There is such a thing as working too hard—Take this weekend to be gentle with yourself and rethink your Fun/Play/Rest factor.
The most valuable thing we can do for the psyche, occasionally, is to let it rest, wander,May Sarton
live in the changing light of a room, not try to be or do anything.
Overachieving Does Not Equal Value
I used to equate a busy schedule and a well-inked daily agenda with my worth. To me, over-achieving = value.
I was seduced by the idea that I could somehow validate my existence by outworking everyone else. I could burn through energy reserves and sustain myself with caffeine and cultural lies. At the end of the day, I could point to all the things crossed off lists and feel a sense of accomplishment.
That comfort was short-lived, though, and I’d wake the next morning to find a fresh batch of raw anxiety gurgling like lava in my stomach.

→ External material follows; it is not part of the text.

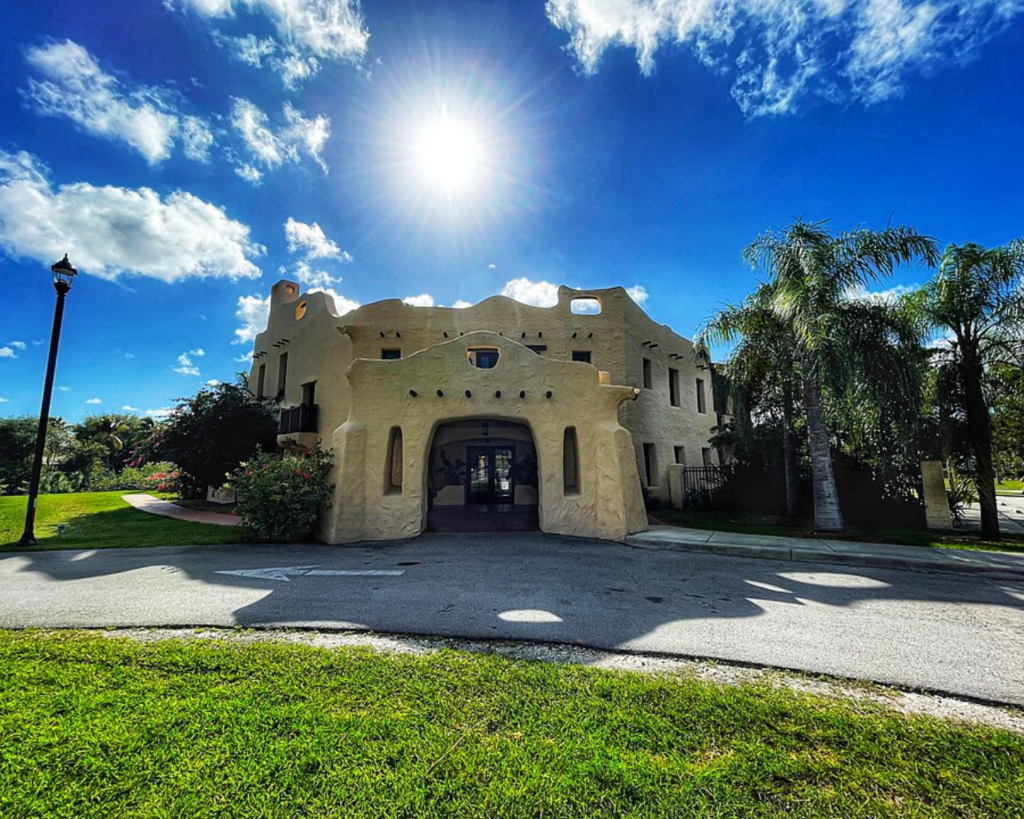 Curtiss Mansion in Miami Springs, Florida, featuring a distinctive Pueblo Revival-style facade, palm trees, green lawns, and a bright blue sky.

The ghost of “I’m not enough” shadowed me, continually reminding me where I was falling short. The only solution seemed to be to swat it away with more doing. More striving. More tired days. Distraction fueled by unhealthy habits and rituals.
Be Gentle With Yourself
If you recognize a part or all of yourself in this thrash of Hustle & Slay, and you are aching for change, I have an invitation: be gentle with yourself. Know that your brain will resist this advice, scoff. Even bully you. Ignore it.
Take a look at your planner/calendar, beginning with what you have scheduled for this weekend. What is on the page? Is it a bunch of chores, social obligations that fill you with some or a lot of dread, or a series of work-related tasks? Are there things listed that you believe you should be doing but have zero interest in?
If you were to quantify the Fun/Play/Rest Factor for the weekend, what kind of score would you give your plans?
If your weekend feels like an extension of your week, with simply different ways to work and embrace obligation, consider doing an experiment. Ask yourself: How can I not try to do or be anything this weekend? And instead, how can I simply rest, let my mind wander?
Where can you open the window on the stale room of busyness and let in a breeze of gentle joy?
Embrace Your Time for Rest
When I began gifting myself longer and longer stretches of nondoing/striving, something shifted. I discovered the world didn’t fall apart when I didn’t carry it 24/7. You will find the same is true for you, too.
In the spaciousness, we enjoy a spring of new color, ideas, and connection. We remember what we love, and the world is verdant with fresh possibilities. It tastes like freedom.